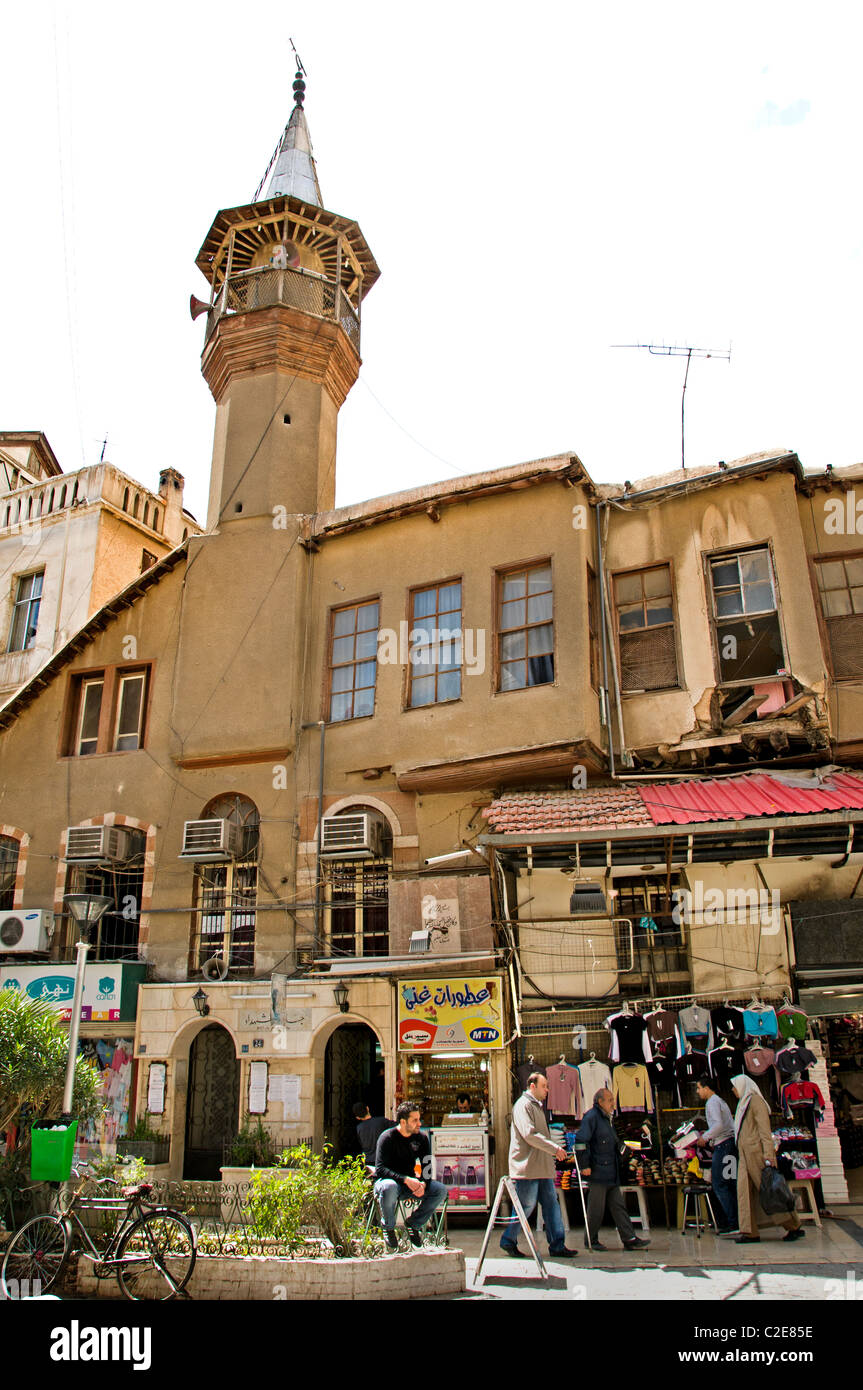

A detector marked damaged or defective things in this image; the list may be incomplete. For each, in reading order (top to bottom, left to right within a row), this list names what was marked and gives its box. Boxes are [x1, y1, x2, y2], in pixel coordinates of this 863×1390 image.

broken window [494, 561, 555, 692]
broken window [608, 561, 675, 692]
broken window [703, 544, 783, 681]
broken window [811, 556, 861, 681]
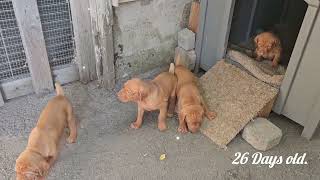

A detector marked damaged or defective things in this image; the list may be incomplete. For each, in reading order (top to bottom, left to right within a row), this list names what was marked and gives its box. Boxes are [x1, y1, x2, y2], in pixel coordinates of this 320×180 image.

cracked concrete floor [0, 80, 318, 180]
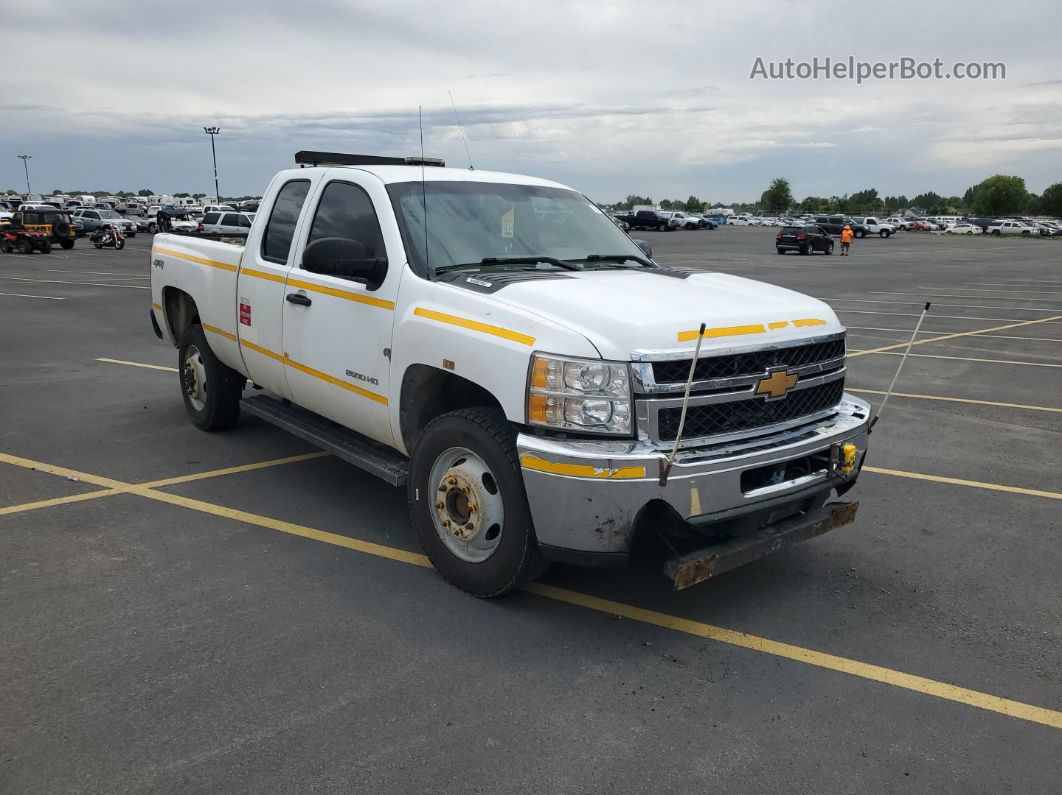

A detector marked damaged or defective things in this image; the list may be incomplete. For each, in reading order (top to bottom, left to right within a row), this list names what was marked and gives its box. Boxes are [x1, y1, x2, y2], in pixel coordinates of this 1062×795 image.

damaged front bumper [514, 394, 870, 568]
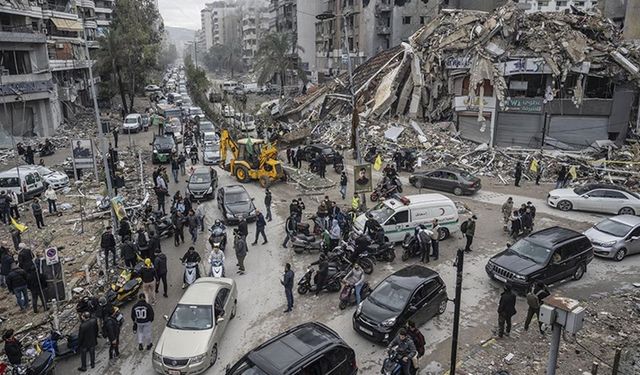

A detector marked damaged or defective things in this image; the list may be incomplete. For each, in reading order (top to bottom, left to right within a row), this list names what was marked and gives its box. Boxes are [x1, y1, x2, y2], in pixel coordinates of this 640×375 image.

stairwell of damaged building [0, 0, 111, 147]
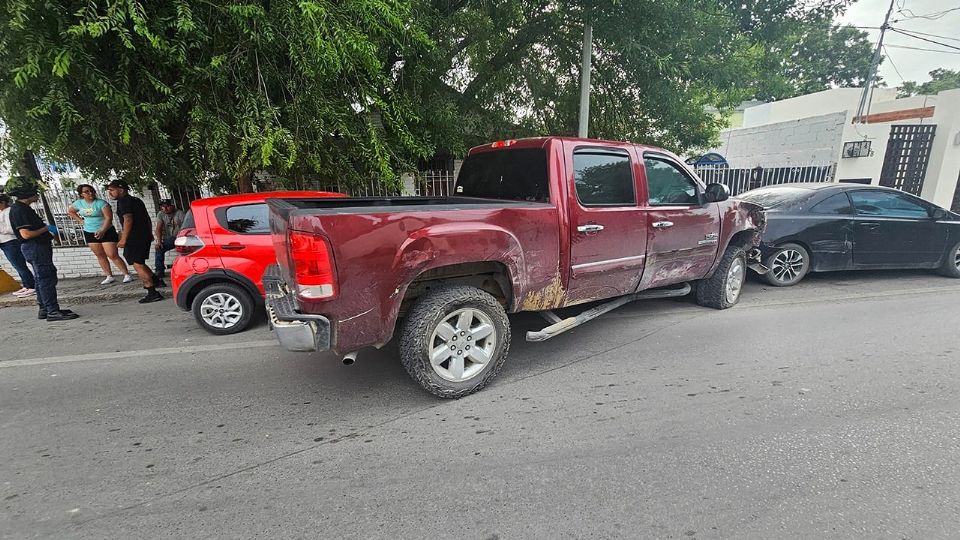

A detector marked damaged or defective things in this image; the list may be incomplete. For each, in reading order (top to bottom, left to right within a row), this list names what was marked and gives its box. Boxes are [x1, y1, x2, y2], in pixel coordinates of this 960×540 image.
______
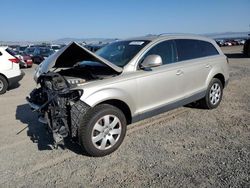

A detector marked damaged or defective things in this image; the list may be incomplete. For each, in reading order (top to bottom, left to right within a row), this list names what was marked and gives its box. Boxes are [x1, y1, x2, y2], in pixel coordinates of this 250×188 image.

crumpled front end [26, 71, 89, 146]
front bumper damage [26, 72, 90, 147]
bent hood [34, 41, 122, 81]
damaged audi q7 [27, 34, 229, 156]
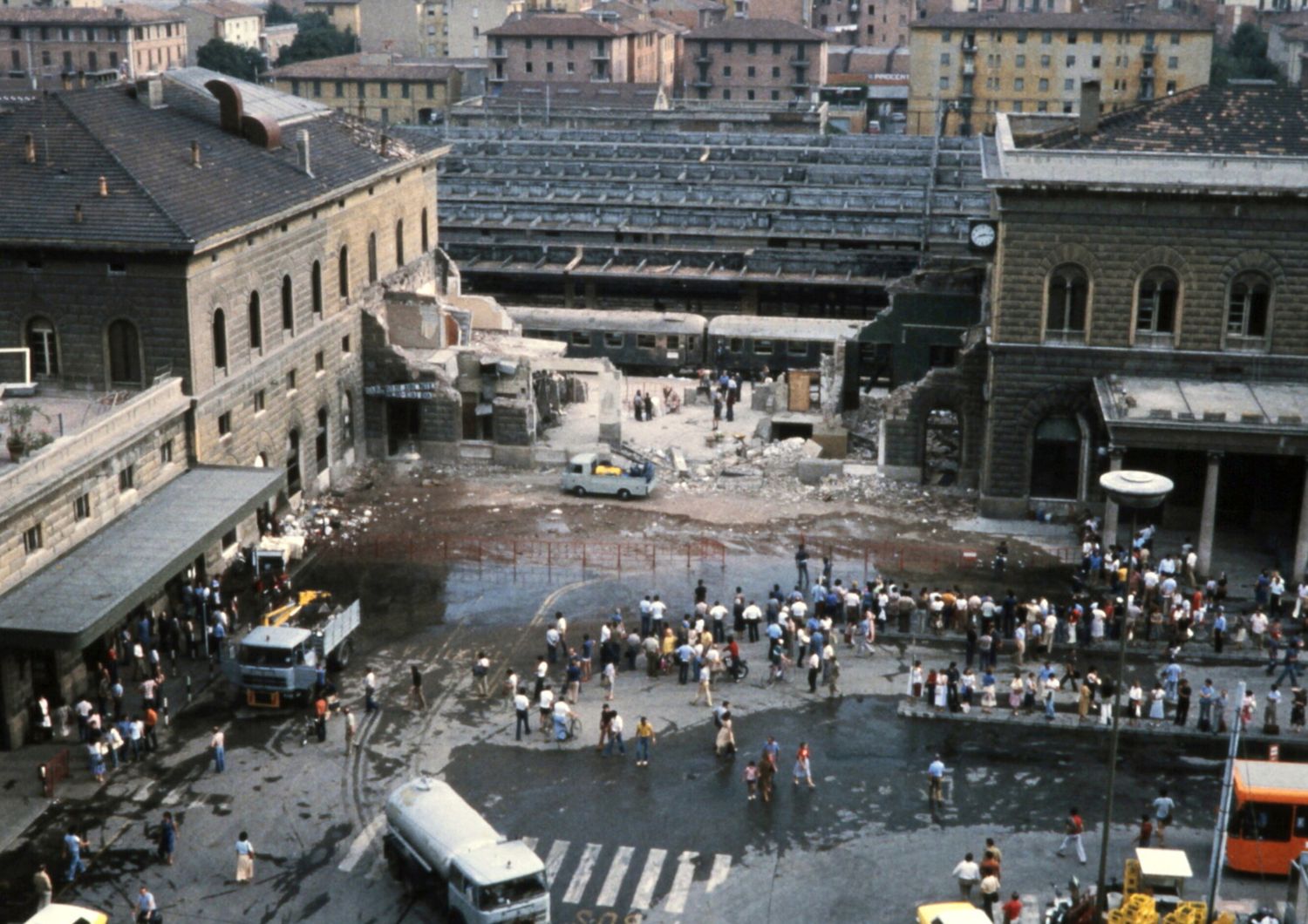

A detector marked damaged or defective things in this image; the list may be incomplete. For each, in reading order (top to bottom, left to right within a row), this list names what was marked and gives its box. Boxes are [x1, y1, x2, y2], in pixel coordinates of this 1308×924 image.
______
From the records above, quote word for word only the lines beginning at the line that has "this 1062×795 image." and stopping after the line that has "this 960×540 image.". Omit the pictures.

A detector marked damaged or defective things in this image; the list may be incomplete. For each, in reading order (top to bottom, left to right within a row), this list names what was marked and gives its box. Boxes are [x1, y1, x2, y2], in pixel coordinates of this 1062×795 image.

damaged front bumper [514, 394, 870, 568]

A detector marked damaged or defective things in this image; the list may be incomplete. For each, in reading order (top to bottom, left to right within a row), this list names what was marked and gives its box. Boxes are [x1, y1, x2, y2], in pixel coordinates of this 640×375 image.

stairwell of damaged building [0, 0, 111, 147]

A detector marked damaged or defective things in this image; the list may be incomplete. For each, in reading order (top to bottom, left to right within a row), this list names what was marked and gives its box. Boxes are [x1, y1, x2, y2], in pixel coordinates of this 960×540 image.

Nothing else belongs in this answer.